My parents were quite the opposite. Hardly any fighting... and if they argued, it was in an ADULT way, not an abusive way. That's why my ex-P shocked me. My parents were able to argue without tearing each other down;he couldn't argue without tearing me down. My father always praises my mother's cooking, he's always grateful to her. Genuine affection. Sometimes I wonder if they've dumped on me due to the stresses lately. Work has been difficult for my father;he's had to deal with financial losses of his own. They're both trying to care for my Narc grandmother who also suffers from Alzheimer's (strangely, dementia and NPD do resemble each other neurologically) I think my parents genuinely care... they do want me to succeed and be happy. It's just the manner in which it's done. They suspected that my job of 5 years with the Narc boss was a toxic, abusive atmosphere, that I suffered but had a hard time discussing it. I'm in a better workplace now. My coworkers and I laugh and joke around, the supervisor isn't verbally abusive.

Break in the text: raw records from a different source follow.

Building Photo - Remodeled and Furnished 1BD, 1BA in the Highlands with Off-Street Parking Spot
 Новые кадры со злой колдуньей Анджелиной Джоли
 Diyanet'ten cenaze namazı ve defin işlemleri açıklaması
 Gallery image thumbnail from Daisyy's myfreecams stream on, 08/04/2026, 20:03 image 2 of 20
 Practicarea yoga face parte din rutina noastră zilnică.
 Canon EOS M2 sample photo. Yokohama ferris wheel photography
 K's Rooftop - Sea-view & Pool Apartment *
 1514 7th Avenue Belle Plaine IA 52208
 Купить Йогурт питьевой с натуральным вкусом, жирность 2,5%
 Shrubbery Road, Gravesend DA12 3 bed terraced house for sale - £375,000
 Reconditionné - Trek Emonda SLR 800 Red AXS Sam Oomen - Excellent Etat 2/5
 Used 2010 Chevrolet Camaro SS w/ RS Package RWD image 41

Nobody feels threatened (my Narc boss loved, LOVED threatening people with firing) My parents were genuinely worried when it came to my ex-P. I think my mother was afraid that I'd end up physically abused... or dead. So, thank God he's not their son in-law, and definitely NOT my husband! They still encourage and support me... something my ex-P NEVER did.
Aug 2 - 9PM
Steph
Steph's picture

""We expect perfect behavior

""We expect perfect behavior 100% of the time"" That's like epecting to take a shit, and not noticing a smell. Sorry. But that is an impossible request. Life doesn't work like that and anyone that expects it should needs to take a real close look at themselves. You will never be perfect and there is no shame in that. Mistakes will always be made, what makes you human is the ability to recognize and learn from your mistakes.....something N's and P's aren't capable of. Although I do believe these guys can dupe people that come from "normal" childhoods, I also believe that if your childhood was filled with critisism and self doubt, it for sure has to impact what you are willing to put up with from others. That's something I am just learning about myself, too....with the previous threads on this subject. So much to learn about ourselves, hey? Thankfully we all have eachother to help us through! xoxo
Aug 2 - 10PM (Reply to #2)
Susan32
Susan32's picture

The old push-pull

My mother wanted me out of the house after 2 years (and here I was, recovering from the D&D)... and when I moved to where I am now... guess what? She wanted me to move back. I even told her,"You wanted me to move;I moved." I remember telling my father "I'm human, I make mistakes" and his response was that it was a poor excuse. I've told my parents I'm not a saint. It's no wonder I saw my love for my ex-P as the ultimate act of defiance. My ex-P was telling me my motives--but so were my parents. As I told one of my friends, "My ex-P told me he was embarrassed, disappointed and offended when I declared my love-why would I tell my parents when I'd hear the same thing?" Distance has helped with my parents. I try to tune out those things like "You didn't ---?" As my paternal grandmother put it "You don't REALLY want to move back there, do you?"